**What the exercise asks**
Find the line in the entries below that contains "Holes in shower surround". Repeat it exactly, and every line after it through the line that contains "This picture taken".
>>>>>
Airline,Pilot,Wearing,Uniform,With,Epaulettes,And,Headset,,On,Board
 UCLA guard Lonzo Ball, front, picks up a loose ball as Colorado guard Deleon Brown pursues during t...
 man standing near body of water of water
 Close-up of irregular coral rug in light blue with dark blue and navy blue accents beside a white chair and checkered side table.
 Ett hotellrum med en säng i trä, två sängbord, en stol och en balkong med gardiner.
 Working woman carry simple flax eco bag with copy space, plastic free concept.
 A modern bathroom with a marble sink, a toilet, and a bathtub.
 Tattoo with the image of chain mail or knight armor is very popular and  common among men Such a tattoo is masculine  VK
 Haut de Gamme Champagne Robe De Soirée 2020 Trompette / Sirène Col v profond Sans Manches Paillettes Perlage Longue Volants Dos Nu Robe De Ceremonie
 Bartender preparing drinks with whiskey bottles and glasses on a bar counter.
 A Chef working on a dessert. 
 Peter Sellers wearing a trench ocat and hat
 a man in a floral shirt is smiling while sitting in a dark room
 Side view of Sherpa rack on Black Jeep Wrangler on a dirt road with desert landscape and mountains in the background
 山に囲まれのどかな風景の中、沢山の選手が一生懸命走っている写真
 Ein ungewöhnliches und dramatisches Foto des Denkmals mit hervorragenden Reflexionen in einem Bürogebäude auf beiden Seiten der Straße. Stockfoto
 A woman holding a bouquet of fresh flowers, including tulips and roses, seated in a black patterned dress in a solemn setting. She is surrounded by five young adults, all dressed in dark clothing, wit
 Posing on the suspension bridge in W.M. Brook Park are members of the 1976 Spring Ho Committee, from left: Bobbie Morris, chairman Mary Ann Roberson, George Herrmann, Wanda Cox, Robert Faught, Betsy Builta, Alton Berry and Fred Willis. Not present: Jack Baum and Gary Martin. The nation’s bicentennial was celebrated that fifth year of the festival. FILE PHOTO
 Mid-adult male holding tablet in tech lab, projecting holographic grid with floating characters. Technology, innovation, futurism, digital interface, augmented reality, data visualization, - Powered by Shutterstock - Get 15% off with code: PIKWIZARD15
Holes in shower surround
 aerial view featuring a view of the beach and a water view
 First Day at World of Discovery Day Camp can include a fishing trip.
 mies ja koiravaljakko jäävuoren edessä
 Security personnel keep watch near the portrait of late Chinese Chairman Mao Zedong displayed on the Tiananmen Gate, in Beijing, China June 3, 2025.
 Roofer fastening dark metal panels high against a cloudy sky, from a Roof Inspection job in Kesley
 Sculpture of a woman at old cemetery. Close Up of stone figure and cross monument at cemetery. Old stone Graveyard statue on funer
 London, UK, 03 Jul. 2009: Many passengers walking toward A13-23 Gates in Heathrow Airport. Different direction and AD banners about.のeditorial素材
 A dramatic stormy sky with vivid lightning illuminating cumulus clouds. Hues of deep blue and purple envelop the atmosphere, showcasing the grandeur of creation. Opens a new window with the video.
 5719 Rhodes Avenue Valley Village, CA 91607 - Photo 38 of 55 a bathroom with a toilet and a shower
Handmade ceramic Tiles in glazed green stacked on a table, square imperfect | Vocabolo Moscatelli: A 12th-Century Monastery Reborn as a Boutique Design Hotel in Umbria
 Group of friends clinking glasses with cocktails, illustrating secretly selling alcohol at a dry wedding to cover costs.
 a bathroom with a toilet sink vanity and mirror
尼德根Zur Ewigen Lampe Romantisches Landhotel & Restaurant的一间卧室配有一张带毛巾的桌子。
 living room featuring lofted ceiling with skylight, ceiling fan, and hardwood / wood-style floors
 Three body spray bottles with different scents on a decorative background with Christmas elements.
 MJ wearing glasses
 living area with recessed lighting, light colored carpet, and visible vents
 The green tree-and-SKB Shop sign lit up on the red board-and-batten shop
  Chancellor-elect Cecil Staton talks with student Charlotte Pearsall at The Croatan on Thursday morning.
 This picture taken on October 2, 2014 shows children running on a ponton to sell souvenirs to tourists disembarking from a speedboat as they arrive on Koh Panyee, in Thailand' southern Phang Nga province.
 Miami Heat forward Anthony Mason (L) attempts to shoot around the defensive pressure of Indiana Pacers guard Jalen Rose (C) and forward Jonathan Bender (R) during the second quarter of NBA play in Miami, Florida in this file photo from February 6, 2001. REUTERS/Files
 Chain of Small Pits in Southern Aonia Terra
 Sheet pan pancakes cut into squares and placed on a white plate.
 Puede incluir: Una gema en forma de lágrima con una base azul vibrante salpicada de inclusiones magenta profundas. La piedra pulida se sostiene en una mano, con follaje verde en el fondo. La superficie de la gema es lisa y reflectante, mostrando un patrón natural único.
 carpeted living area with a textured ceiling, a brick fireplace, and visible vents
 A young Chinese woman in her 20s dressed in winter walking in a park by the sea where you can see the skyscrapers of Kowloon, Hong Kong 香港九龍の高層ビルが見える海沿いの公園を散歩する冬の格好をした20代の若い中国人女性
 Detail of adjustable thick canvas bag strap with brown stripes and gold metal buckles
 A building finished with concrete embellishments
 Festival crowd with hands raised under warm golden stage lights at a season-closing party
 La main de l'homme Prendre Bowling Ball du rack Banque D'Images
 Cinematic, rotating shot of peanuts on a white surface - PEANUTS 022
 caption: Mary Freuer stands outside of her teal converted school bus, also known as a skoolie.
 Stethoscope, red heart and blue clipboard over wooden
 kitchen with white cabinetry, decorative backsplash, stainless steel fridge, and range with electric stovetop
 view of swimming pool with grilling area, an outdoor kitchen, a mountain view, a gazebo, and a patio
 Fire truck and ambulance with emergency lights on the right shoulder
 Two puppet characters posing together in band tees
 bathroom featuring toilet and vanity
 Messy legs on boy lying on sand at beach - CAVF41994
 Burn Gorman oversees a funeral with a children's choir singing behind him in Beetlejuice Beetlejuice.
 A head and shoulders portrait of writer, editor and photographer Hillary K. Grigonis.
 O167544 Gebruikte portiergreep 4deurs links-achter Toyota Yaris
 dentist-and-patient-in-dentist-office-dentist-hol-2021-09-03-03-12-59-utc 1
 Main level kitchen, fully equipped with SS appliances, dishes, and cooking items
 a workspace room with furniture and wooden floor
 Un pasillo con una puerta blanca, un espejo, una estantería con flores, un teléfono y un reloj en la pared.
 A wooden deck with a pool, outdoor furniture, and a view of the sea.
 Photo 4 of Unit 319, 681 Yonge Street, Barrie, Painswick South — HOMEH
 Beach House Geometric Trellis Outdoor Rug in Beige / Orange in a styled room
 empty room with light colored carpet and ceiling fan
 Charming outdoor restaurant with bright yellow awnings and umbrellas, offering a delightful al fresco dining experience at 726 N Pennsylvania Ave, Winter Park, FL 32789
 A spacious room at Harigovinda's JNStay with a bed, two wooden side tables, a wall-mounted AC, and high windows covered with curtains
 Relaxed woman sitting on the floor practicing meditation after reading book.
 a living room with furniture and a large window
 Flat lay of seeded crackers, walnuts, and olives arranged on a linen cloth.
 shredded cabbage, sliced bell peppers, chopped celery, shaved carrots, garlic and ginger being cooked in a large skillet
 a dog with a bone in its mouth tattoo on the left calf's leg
<<<<<
**Expected answer**
Holes in shower surround
 aerial view featuring a view of the beach and a water view
 First Day at World of Discovery Day Camp can include a fishing trip.
 mies ja koiravaljakko jäävuoren edessä
 Security personnel keep watch near the portrait of late Chinese Chairman Mao Zedong displayed on the Tiananmen Gate, in Beijing, China June 3, 2025.
 Roofer fastening dark metal panels high against a cloudy sky, from a Roof Inspection job in Kesley
 Sculpture of a woman at old cemetery. Close Up of stone figure and cross monument at cemetery. Old stone Graveyard statue on funer
 London, UK, 03 Jul. 2009: Many passengers walking toward A13-23 Gates in Heathrow Airport. Different direction and AD banners about.のeditorial素材
 A dramatic stormy sky with vivid lightning illuminating cumulus clouds. Hues of deep blue and purple envelop the atmosphere, showcasing the grandeur of creation. Opens a new window with the video.
 5719 Rhodes Avenue Valley Village, CA 91607 - Photo 38 of 55 a bathroom with a toilet and a shower
Handmade ceramic Tiles in glazed green stacked on a table, square imperfect | Vocabolo Moscatelli: A 12th-Century Monastery Reborn as a Boutique Design Hotel in Umbria
 Group of friends clinking glasses with cocktails, illustrating secretly selling alcohol at a dry wedding to cover costs.
 a bathroom with a toilet sink vanity and mirror
尼德根Zur Ewigen Lampe Romantisches Landhotel & Restaurant的一间卧室配有一张带毛巾的桌子。
 living room featuring lofted ceiling with skylight, ceiling fan, and hardwood / wood-style floors
 Three body spray bottles with different scents on a decorative background with Christmas elements.
 MJ wearing glasses
 living area with recessed lighting, light colored carpet, and visible vents
 The green tree-and-SKB Shop sign lit up on the red board-and-batten shop
  Chancellor-elect Cecil Staton talks with student Charlotte Pearsall at The Croatan on Thursday morning.
 This picture taken on October 2, 2014 shows children running on a ponton to sell souvenirs to tourists disembarking from a speedboat as they arrive on Koh Panyee, in Thailand' southern Phang Nga province.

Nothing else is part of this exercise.